◆ INSTRUCTIONS FOR THE TASK ◆
Transcribe the data that follows in full. Leave out the pictures.

◆ GIVEN DATA ◆
* * * * * * * * *

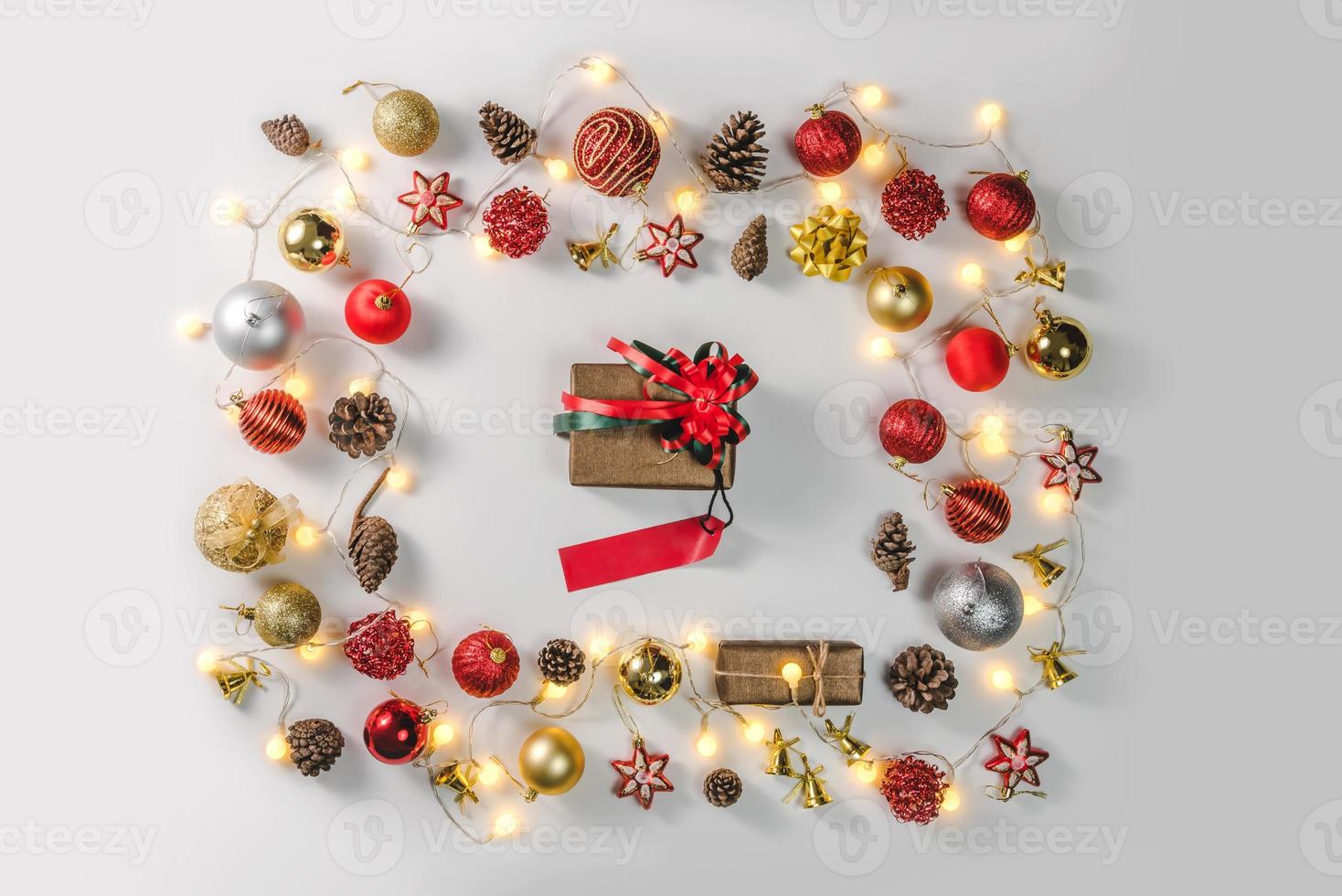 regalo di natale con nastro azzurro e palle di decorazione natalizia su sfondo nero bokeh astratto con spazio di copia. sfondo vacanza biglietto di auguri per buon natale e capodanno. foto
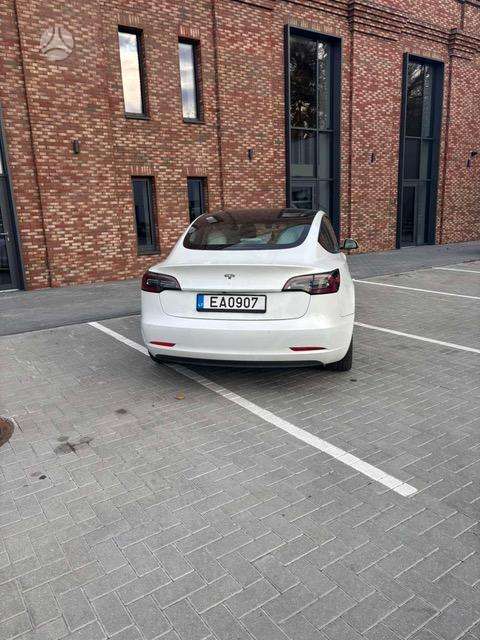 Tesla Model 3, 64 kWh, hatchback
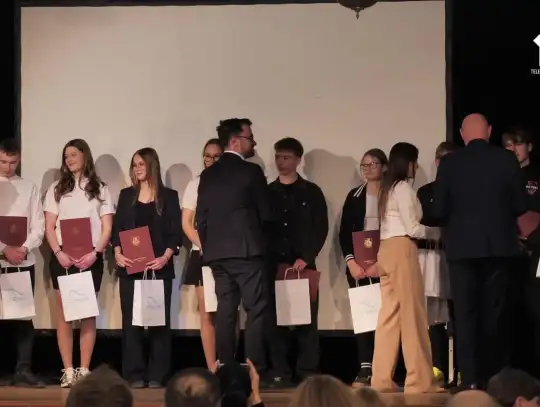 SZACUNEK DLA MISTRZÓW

* * * * * * * * *

◆ TASK ANSWER ◆
 regalo di natale con nastro azzurro e palle di decorazione natalizia su sfondo nero bokeh astratto con spazio di copia. sfondo vacanza biglietto di auguri per buon natale e capodanno. foto
 Tesla Model 3, 64 kWh, hatchback
 SZACUNEK DLA MISTRZÓW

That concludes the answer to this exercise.